BENGKULU SELATAN — Sistem Manajemen Talenta menjadi senjata utama Pemerintah Kabupaten Bengkulu Selatan dalam merombak tata kelola aparatur sipil negara. Bupati H. Rifai Tajudin didampingi Sekretaris Daerah Ir. Susmanto, M.M., dan Kepala BKPSDM Fariq Hafiz, M.M., memaparkan langsung strategi pengembangan karier ASN ini di Kantor BKN, Jakarta Timur, pada Rabu (15/7/2026).
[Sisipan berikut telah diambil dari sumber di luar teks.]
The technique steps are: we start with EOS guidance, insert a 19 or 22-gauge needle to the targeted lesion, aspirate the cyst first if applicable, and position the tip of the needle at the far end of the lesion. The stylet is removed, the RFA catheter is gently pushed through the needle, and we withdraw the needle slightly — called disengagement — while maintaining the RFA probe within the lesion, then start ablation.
Ekspose tersebut merupakan bagian dari upaya serius Pemkab Bengkulu Selatan untuk keluar dari pola pengelolaan ASN yang konvensional. Sistem ini dirancang untuk memetakan pegawai berdasarkan kualifikasi, kompetensi, kinerja, dan potensi masing-masing individu.
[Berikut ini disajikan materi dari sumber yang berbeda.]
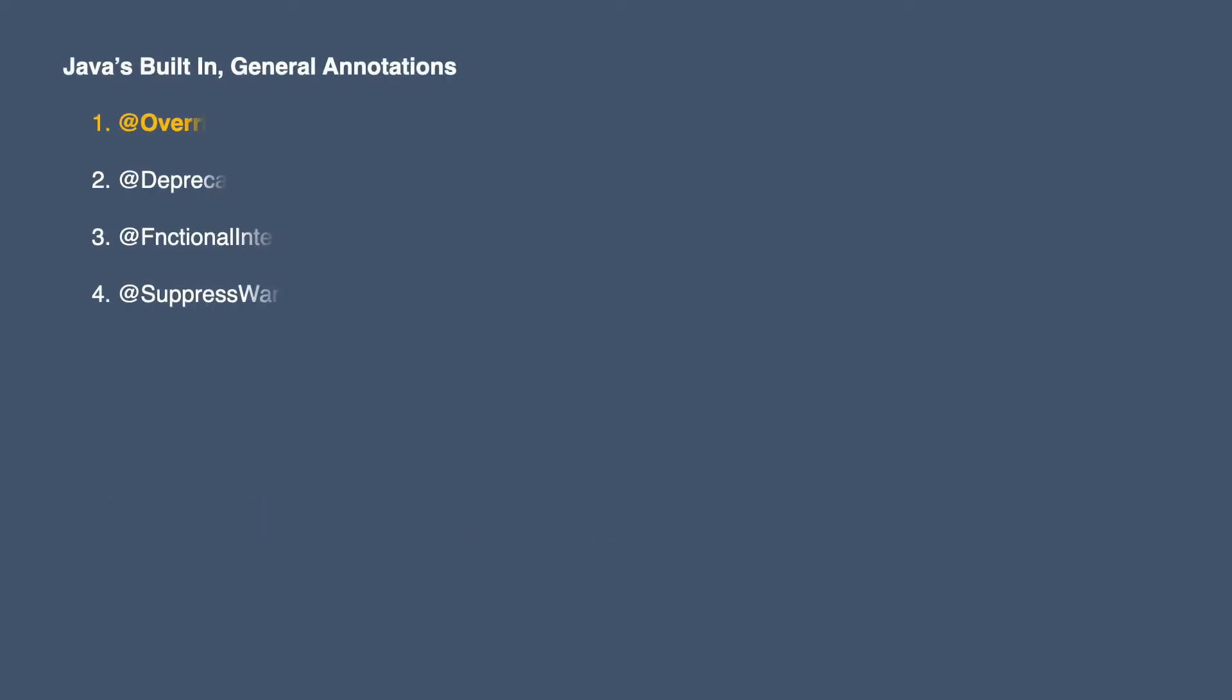Hi, my name is Jairaj and welcome to another video of annotation series. In this tutorial we will learn about the @Override annotation. This annotation is a part of general annotations in Java's built-in annotations.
Bukan Sekadar Mutasi Biasa
Berbeda dengan pola mutasi atau promosi yang kerap hanya berdasarkan masa kerja, Manajemen Talenta menekankan pada kesesuaian antara kemampuan pegawai dengan kebutuhan organisasi. Bupati Rifai menegaskan bahwa sistem ini menjadi langkah penting dalam reformasi birokrasi di daerah.
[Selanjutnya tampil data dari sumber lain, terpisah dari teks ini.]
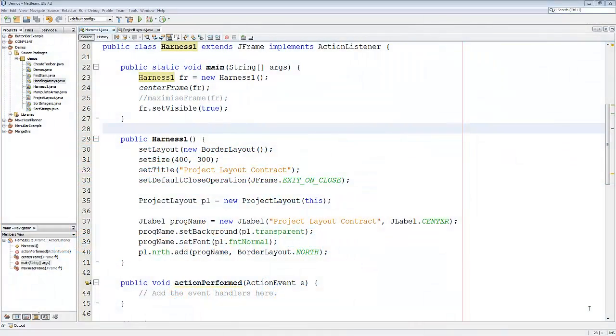Welcome to this video on how to create a test harness in Java and how to ensure that every frame in your project has the same look and feel.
"Penerapan Manajemen Talenta merupakan langkah penting dalam mewujudkan birokrasi yang adaptif, profesional, dan mampu memberikan pelayanan publik yang semakin berkualitas," ujar Rifai dalam pernyataan yang diterima, Minggu (19/7/2026).
Target: Lahirkan ASN Unggul dan Berintegritas
Pemkab Bengkulu Selatan berharap melalui sistem merit ini, setiap keputusan kepegawaian—mulai dari penempatan hingga promosi—dapat diukur secara objektif. Tidak ada lagi ruang untuk praktik patronase yang selama ini menghambat kinerja birokrasi.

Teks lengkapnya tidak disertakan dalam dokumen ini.